Solve the system by using a matrix equation

7x-4y=4

10x-6y=2

Answer 1

The solution to the system of equation is x = 8, y = 13

Explanation:

The system of equation using matrix equation can be solved using crammers rule. Given the equation;

7x-4y=4

10x-6y=2

The equation will be rewritten in the format AX = B

matrix A will be 2*2 matrix

X will be a column matrix containing the variables

B will be a column matrix

`\left[\begin{array}{cc}7&-4\\10&-6\\\end{array}\right] \left[\begin{array}{c}x&y\\\\\end{array}\right] = \right] \left[\begin{array}{c}4&2\\\\\end{array}\right]`

first we will find the determinant of the matrix A

`|A|=7(-6)-(10)(-4)\\|A|= -42+40\\|A|= -2`

To get the value of x, we will substitute the column matrix at the right hand side to replace the first column pf matrix A, then we look for the determinant and divide the determinant by the determinant of matrix A itself.

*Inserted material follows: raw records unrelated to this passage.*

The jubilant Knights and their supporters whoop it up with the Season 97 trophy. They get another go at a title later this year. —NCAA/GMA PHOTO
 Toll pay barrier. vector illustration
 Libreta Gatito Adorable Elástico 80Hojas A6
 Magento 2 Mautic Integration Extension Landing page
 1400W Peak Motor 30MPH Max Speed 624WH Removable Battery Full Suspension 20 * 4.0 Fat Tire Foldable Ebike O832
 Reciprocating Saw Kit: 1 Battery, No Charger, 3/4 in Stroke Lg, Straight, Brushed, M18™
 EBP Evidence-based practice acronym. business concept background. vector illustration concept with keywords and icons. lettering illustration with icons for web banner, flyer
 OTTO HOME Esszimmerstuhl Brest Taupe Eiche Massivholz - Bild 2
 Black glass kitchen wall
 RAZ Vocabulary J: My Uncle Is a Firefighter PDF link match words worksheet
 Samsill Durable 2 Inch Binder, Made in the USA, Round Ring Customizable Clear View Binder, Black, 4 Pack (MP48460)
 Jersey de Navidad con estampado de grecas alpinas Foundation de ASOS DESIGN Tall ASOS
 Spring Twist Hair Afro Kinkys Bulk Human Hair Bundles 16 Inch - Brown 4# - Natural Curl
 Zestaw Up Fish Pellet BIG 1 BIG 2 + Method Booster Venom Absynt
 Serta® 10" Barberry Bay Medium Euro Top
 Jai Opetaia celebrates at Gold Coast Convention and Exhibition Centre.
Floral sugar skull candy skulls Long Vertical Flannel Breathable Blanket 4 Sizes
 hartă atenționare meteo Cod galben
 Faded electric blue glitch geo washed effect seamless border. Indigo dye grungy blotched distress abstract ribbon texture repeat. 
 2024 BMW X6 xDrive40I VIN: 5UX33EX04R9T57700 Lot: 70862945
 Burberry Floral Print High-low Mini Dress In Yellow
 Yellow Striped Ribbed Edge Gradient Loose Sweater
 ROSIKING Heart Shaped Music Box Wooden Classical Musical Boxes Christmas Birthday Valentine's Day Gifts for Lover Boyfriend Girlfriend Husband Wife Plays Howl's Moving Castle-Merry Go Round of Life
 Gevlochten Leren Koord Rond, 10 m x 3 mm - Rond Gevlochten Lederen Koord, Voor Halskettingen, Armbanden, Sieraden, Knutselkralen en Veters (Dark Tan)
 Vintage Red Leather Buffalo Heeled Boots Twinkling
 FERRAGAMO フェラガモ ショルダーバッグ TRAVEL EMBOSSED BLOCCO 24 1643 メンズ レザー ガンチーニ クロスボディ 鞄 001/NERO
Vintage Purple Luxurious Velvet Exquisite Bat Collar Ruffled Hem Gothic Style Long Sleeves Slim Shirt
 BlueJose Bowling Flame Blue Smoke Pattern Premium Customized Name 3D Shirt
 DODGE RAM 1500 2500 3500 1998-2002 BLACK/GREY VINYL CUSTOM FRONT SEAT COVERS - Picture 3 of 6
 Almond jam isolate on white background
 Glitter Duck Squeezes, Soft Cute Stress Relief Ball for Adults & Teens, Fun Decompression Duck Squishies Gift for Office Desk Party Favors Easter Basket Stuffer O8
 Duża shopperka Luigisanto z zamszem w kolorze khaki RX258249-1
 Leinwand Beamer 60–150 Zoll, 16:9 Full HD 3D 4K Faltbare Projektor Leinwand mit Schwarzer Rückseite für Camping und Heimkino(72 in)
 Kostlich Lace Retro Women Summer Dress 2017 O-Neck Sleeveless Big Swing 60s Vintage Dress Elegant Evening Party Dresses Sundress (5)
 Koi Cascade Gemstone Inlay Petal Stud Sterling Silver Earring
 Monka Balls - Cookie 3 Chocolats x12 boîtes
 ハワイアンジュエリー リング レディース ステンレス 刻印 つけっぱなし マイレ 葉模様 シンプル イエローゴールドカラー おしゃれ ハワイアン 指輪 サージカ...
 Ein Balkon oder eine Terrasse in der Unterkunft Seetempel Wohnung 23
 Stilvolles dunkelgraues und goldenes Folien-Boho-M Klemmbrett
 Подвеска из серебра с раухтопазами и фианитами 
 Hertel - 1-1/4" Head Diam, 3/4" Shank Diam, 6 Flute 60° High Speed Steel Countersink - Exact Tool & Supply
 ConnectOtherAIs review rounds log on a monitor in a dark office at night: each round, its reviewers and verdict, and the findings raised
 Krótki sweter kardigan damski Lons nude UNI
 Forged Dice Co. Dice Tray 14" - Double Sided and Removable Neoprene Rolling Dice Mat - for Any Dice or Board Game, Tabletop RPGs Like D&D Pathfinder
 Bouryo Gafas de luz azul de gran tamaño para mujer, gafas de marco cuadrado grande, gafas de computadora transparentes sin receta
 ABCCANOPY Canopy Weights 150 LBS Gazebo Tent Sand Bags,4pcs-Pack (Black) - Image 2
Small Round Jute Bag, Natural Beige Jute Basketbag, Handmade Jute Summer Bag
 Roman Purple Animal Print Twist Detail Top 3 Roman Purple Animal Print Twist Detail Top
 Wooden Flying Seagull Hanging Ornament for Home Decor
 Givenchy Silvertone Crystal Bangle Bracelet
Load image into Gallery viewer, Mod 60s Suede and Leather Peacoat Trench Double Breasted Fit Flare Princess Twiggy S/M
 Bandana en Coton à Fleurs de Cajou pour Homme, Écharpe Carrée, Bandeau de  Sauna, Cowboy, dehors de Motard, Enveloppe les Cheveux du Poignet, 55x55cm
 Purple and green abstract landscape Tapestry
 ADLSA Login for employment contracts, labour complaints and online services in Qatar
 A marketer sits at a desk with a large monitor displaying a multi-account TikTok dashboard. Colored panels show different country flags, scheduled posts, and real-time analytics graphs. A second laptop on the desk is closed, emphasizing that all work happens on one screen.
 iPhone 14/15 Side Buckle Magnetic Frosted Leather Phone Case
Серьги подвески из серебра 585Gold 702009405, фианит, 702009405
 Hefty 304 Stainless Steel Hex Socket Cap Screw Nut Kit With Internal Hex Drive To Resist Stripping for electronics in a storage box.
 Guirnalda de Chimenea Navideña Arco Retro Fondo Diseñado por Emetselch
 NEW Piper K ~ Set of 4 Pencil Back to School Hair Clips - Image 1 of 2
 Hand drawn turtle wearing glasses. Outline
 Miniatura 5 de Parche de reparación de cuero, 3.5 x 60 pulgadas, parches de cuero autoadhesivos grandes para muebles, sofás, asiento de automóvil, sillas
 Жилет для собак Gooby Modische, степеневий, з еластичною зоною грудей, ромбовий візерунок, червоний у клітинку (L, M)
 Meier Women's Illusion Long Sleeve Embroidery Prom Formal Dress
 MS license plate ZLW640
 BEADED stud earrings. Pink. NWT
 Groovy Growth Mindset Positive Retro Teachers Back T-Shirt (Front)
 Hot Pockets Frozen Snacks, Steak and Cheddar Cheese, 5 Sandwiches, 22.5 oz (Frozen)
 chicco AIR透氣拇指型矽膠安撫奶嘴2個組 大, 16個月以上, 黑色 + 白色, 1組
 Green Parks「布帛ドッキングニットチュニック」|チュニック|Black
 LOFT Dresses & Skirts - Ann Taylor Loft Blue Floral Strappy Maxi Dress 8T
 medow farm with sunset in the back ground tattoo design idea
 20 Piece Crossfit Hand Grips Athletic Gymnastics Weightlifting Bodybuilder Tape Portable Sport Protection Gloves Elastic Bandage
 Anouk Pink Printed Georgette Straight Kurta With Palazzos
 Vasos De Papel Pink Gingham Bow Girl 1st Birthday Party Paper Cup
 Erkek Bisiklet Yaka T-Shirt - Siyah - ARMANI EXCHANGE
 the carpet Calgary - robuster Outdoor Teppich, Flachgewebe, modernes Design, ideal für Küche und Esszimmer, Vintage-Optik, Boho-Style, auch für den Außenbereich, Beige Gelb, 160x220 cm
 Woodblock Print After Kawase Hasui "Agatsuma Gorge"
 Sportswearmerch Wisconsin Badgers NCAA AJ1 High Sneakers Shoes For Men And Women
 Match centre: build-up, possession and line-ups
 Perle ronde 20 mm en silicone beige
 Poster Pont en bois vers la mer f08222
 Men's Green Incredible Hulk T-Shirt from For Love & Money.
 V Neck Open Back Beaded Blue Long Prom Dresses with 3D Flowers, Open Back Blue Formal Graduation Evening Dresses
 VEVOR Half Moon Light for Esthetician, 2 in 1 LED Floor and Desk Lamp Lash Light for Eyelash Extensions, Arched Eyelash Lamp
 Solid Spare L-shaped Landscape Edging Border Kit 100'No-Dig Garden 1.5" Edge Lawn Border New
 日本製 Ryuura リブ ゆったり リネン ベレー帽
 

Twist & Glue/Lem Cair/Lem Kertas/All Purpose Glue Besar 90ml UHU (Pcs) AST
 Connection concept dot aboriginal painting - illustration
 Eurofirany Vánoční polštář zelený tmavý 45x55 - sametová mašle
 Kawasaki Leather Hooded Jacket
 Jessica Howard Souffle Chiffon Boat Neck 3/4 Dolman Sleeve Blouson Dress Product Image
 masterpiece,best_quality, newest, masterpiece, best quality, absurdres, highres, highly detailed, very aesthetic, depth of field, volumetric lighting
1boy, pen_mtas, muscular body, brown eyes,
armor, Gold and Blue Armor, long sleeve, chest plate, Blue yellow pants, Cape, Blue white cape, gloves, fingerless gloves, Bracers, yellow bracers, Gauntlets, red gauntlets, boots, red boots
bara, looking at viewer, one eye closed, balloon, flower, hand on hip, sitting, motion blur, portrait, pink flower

`|X|=\left[\begin{array}{cc}4&-4\\2&-6\\\end{array}\right]\\|X|= -24+8\\|X|=-16`

x = |X|/|A|

x = -16/-2

x = 8

Similarly for y, we will substitute the column matrix at the right hand side to replace the second column of matrix A, then we look for the determinant and divide the determinant by the determinant of matrix A itself.

`|Y|=\left[\begin{array}{cc}7&4\\10&2\\\end{array}\right]\\|Y|= 14-40\\|Y|=-26`

y = |Y|/|A|

y = -26/-2

y = 13

The solution to the system of equation is x = 8, y = 13